Dort warteten schon zahlreiche Gäste auf die Kirchenbsucher. Die Halle war bis auf den letzten Platz besetzt, als Bundesverteidigungsminister Dr. Karl-Theodor zu Guttenberg ankam. Er war kurzfristig für Ministerpräsident Horst Seehofer eingesprungen, den Bundeskanzlerin Angela Merkel zum Koalitionsgipfel nach Berlin beordert hatte.
Außer ihm waren Landesbäuerin Annemarie Biechl, die Landtagsabgeordnete Dorothee Bär und zahlreiche andere politische Würdenträger schon da. Zunächst aber begrüßte Dr. Karl-Theodor zu Guttenberg seine Frau Mama...
Männervereinsvorstand Dr. Marcel Huber begrüßte zunächst viele Gäste aus der Region und dem weiten Umkreis. Er entschuldigte Ministerpräsident Horst Seehofer und erzählte, wie schnell es gelungen war einen würdigen Ersatz zu finden: Dr. Karl-Theodor zu Guttenberg.
Nachdem er Professor Beer für die würdige Gestaltung des Gottesdienstes gedankt hatte, lobte Dr. Marcel Huber die Leistungen von Karl-Theodor zu Guttenberg, der endlich eine Vision hätte, für die Zukunft der Bundeswehr nach dem kalten Krieg.

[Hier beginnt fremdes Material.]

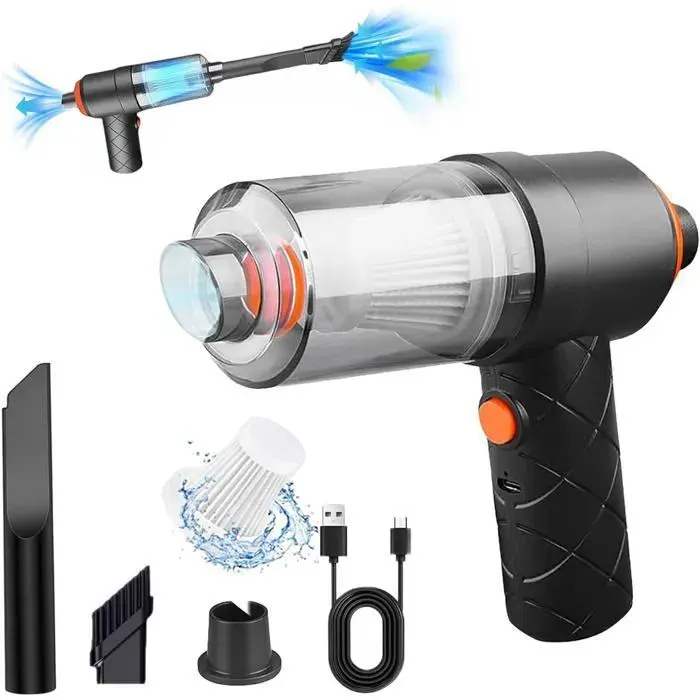 Aspirateur à Main sans Fil 6000Pa Aspirateur de Voiture 2 in 1 Mini Aspirateur à Main Aspirateur de Voiture pour PC Maison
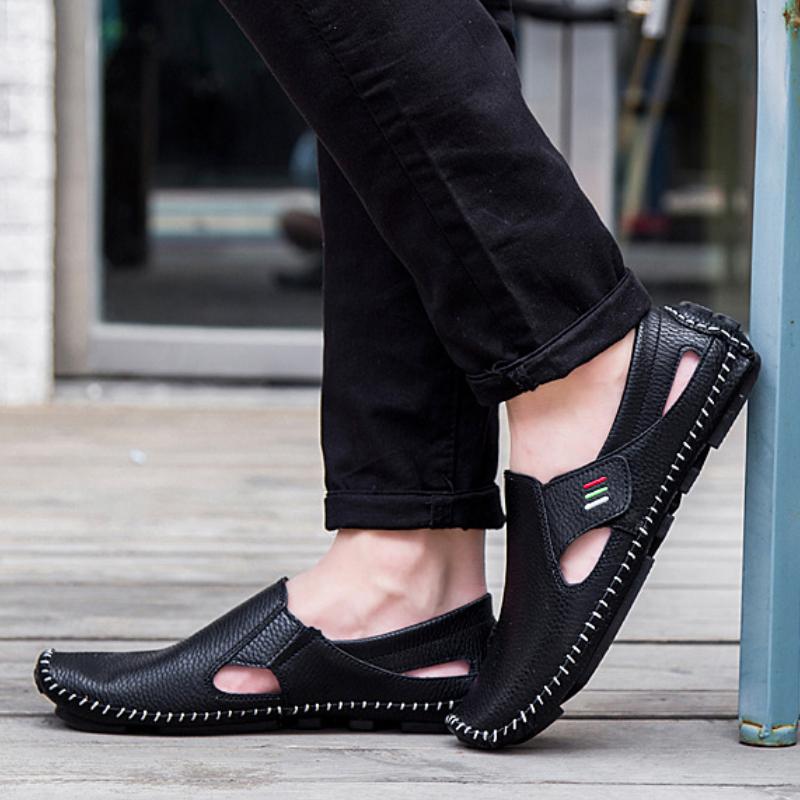 2024 New Men's Casual Shoes Genuine Leather Handmade Men Loafers Fashion Breathable Walking Shoes Slip On Soft Men Driving Shoes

Ein Katholischer Männerverein wäre heute nichts Gewöhnliches mehr. Auch eine Wallfahrt wäre nichts Alltägliches mehr. Dabei legt schon die Bayerische Verfassung die Verantwortung vor Gott für das eigene Handeln zu Grunde. Und die Pflege der Tradition wäre ohnehin ein Auftrag an alle Bayern. Vor diesem Hintergrund war er neugierig, wie Karl-Theodor zu Guttenberg seinen Vortrag gestalten würde, der unter dem Titel stehen sollte: „Dem „C“ gehört die Zukunft“.
Nachdem ihn Blaskapelle und Festversammlung gebührend begrüßt hatten, freute sich Karl-Theodor zu Guttenberg hier einspringen zu dürfen. „Einspringen“ nicht, daß gleich wieder Spekulationen aufkommen. Dann betonte er seine Verbundenheit mit dem Landkreis Rosenheim, wo er viele Jahre seiner Jugend verbracht hatte. Inzwischen wohnt sogar seine Mutter hier, deren Anwesenheit ihn besonders freute.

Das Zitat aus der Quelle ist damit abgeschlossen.